L: No, it bothers me, er...my aim is that people should like it, but...you know I have to write what I want to write, cos it'd be dishonest not to do that.
T: I mean for example the um I'm curious probably from a gossip point of view, the "New Music Weirdo" did the subject of that appreciate it or whatever, took it in the spirit of the thing.?
L: Well at the time at the time when I wrote it he seemed to take it in the spirit of the thing, um...I didn't know him when I wrote it, and I subsequently met him, he seemed to take it in the spirit of the thing, but I'm not quite sure if he does any more.

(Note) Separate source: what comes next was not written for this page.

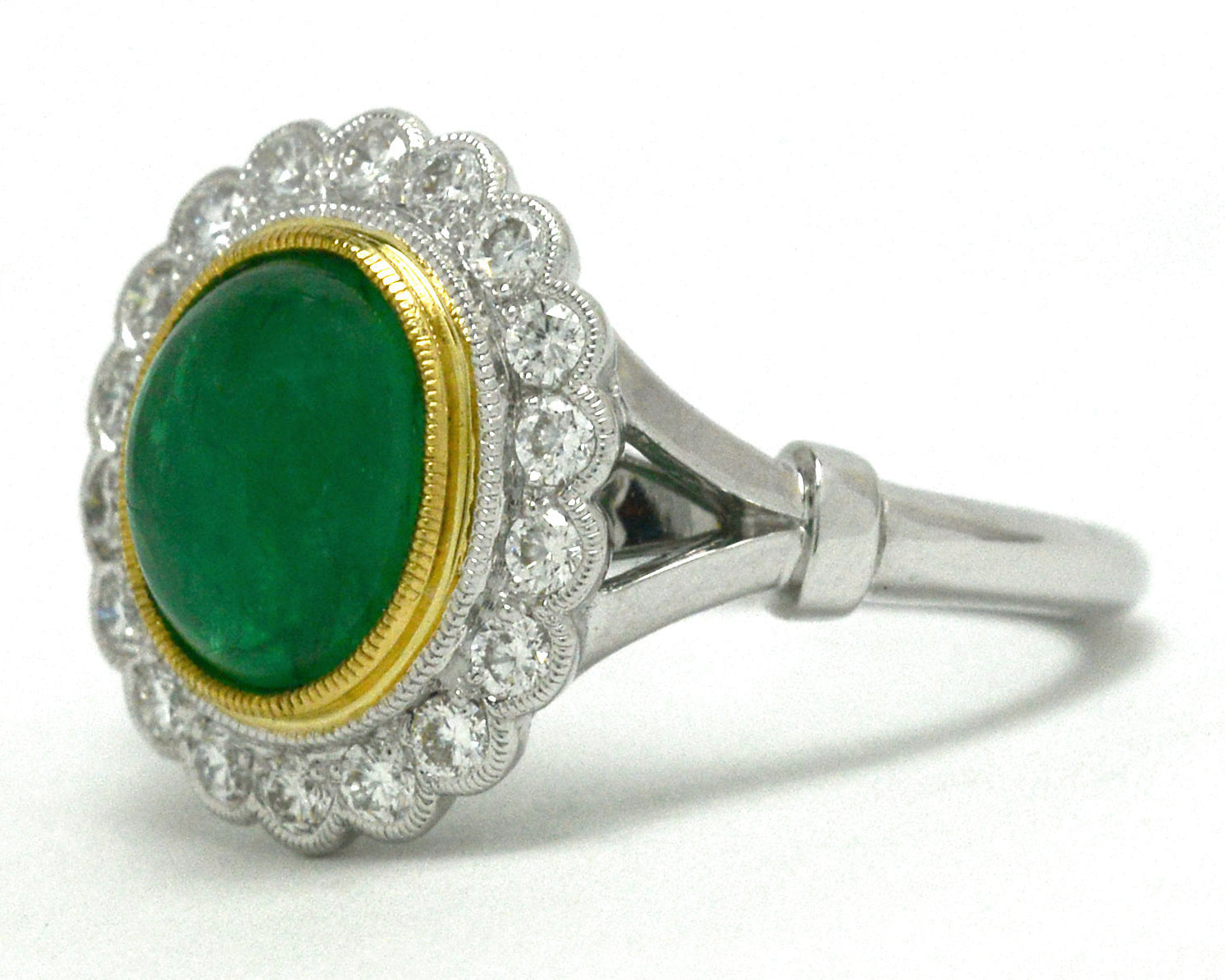 A 2 tone 18k gold bezel set emerald engagement ring.
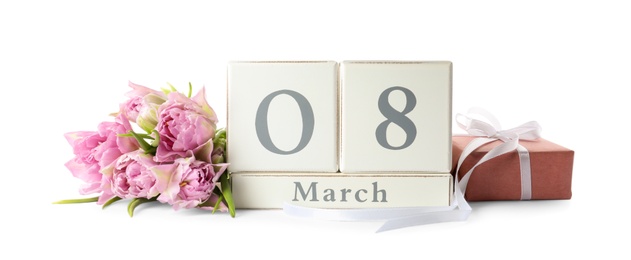 Photo of Wooden block calendar with date 8th of March, gift and tulips on white background. International Women's Day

T: Really. Now he's a big shot?
L: That's unofficial.
T: It's all unofficial.
L: I can't- it's all unofficial, yeah, I can't think of anything, any specific criticism other than the general things I've mentioned there might- yeah you're right I mean it might very may well irritate people, I can quite see that yeah, or people just don't get it really I suppose. That's fair enough, you know, they don't have to. You know, it's not...if people don't like it then they're at liberty not to like it. The only specific criticism I can think of was um... the composer Peter Dickinson who was Professor of music at Goldsmiths, I dunno if he still is, er, at the first performance of "Weirdi" and he refused to clap and he apparently said to someone "If that had been submitted to me as an undergraduate piece I would have failed it outright." Now I dunno what his- I dunno if that's a huge compliment...
T: Yeah well, that's the position you occupy.
L: Yeah yeah well, I dunno what his- you know, he just didn't like it. I mean people don't like it- if people don't like it because it's er...you know maybe too simple or too banal they might think or...um...doesn't take itself too seriously- too ser- doesn't take itself seriously enough...
T: Well it's the people who you're poking fun at I suppose in in, well, I mean I made the um allusion that I'm not going to do in this article that you for example, you know it's the figuration after abstraction sort of routine like Pop Art for example after the whole um abstract expressionism, you know there's the same thing, in terms of figuration, the lack total- the sort of abandonment of any sort of clever over-romantic expressive painstaking stuff, you know well there you go, the economy and the repetition, the irony, all this sort of business I mean it's- I'm not gonna talk about that in the article because it's inaccurate because whatever analogy you draw is always inaccurate. But I find that very interesting, I mean the same people who would take refuge in the former which would take offence at the present sort of business.
L: Right yeah yeah
T: Well, general- now we've run- we're onto general questions.
T: Just about the state of contemporary music in Britain.
L: Oh I think it's
T: You see I- I just envisaged this conversation as moving from the specific to the general.
T: Now we're onto the general. (someone in the pub starts singing "You'll Never Walk Alone")
L: Onto the general. Um, I think er...contemporary music it's very healthy in Britain I think um I don't I don't have any sort of axe to grind about who gets performances or who gets commissions or anything. I completely accept that the music I write is never gonna appeal to a huge amoun t of people, um...
T: Do you not think it should be represented more?
L: Yes I do, but I've no time to do anything about that.
T: Well, you can- you can think it though.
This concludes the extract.